After learning about Zipf's law, I wanted to find those patterns myself. I am learning python3 now and I was looking at examples on how to read text files and the individual lines in them. I have found the complete works of Shakespeare on this page. http://shakespeare.mit.edu/
More information on the Zipf's law is available here:
After getting text from the web pages into text files, these text files were imported into the python environment and analysis was performed on it. The analysis of the complete works has resulted in the following observations. Presented below is the output of the python console. I have used Anaconda 4.2.0 with Python 3.5 version.

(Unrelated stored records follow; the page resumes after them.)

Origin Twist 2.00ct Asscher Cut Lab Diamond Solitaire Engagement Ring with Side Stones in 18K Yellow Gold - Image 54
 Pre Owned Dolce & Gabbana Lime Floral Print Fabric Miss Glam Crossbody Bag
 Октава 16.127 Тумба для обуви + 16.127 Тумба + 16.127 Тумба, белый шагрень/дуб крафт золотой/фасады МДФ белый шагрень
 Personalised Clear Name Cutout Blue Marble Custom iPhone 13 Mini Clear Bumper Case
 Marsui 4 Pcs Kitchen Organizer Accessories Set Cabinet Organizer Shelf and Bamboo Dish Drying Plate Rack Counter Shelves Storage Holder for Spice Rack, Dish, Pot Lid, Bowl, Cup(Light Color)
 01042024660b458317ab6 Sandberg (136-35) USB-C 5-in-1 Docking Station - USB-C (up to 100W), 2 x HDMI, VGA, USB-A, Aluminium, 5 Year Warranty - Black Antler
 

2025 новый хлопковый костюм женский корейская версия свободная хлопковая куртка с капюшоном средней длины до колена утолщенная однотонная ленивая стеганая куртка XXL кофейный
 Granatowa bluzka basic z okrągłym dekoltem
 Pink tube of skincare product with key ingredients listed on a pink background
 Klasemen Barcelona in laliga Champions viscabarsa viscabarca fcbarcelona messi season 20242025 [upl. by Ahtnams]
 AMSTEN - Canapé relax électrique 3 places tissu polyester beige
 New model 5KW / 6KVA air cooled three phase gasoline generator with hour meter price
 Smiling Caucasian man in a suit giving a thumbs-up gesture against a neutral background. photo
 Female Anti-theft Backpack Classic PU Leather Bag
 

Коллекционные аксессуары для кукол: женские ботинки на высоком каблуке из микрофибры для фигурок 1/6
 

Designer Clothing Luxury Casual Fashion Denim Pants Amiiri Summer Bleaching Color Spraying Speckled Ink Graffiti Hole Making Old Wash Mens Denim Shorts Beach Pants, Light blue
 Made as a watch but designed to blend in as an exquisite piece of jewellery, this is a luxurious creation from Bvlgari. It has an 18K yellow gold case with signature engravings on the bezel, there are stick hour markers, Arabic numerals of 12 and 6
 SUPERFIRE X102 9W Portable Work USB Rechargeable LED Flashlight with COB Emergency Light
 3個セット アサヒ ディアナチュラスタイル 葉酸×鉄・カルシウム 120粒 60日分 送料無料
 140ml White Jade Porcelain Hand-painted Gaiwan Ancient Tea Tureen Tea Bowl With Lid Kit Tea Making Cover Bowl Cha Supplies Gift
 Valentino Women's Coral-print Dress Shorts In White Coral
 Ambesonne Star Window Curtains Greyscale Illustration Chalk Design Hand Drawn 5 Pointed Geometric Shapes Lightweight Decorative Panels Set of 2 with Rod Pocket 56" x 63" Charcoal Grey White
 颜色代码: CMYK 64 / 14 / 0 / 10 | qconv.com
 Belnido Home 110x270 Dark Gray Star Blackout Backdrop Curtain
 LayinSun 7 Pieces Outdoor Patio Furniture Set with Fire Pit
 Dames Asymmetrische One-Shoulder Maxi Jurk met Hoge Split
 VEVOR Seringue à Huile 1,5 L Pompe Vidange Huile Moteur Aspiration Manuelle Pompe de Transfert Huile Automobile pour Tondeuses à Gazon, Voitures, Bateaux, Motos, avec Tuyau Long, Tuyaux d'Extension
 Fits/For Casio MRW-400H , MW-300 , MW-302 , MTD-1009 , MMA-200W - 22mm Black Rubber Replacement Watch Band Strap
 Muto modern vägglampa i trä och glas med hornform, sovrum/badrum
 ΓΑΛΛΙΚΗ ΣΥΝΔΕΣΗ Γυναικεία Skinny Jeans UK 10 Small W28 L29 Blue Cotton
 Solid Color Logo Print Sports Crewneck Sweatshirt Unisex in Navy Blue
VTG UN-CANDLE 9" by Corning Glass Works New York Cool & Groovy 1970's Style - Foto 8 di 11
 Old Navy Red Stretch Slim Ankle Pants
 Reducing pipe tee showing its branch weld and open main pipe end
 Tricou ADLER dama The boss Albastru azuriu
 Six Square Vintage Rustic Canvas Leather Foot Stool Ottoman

The goal is to count the number of occurrences of each of the English alphabet.
Letter | Letter count |
e | 424718 |
t | 300213 |
o | 287878 |
a | 250548 |
h | 227474 |
s | 224207 |
n | 222907 |
r | 216036 |
i | 206018 |
l | 151036 |
d | 139409 |
u | 117145 |
m | 98215 |
y | 87237 |
w | 76331 |
f | 70909 |
c | 69184 |
g | 59685 |
p | 48470 |
b | 48311 |
v | 35293 |
k | 30909 |
x | 4671 |
q | 2862 |
j | 2829 |
z | 1350 |
We can see that the count mimics an exponentially dropping distribution.
We can see that the top used words are 'the', 'and', 'i', etc. There are also some archaic words that were used often. Examples include - 'thee', 'thou', 'thy' and some others. Please note that there were more than 30,000 unique words in all his work. The above plot has only the top 50 used words.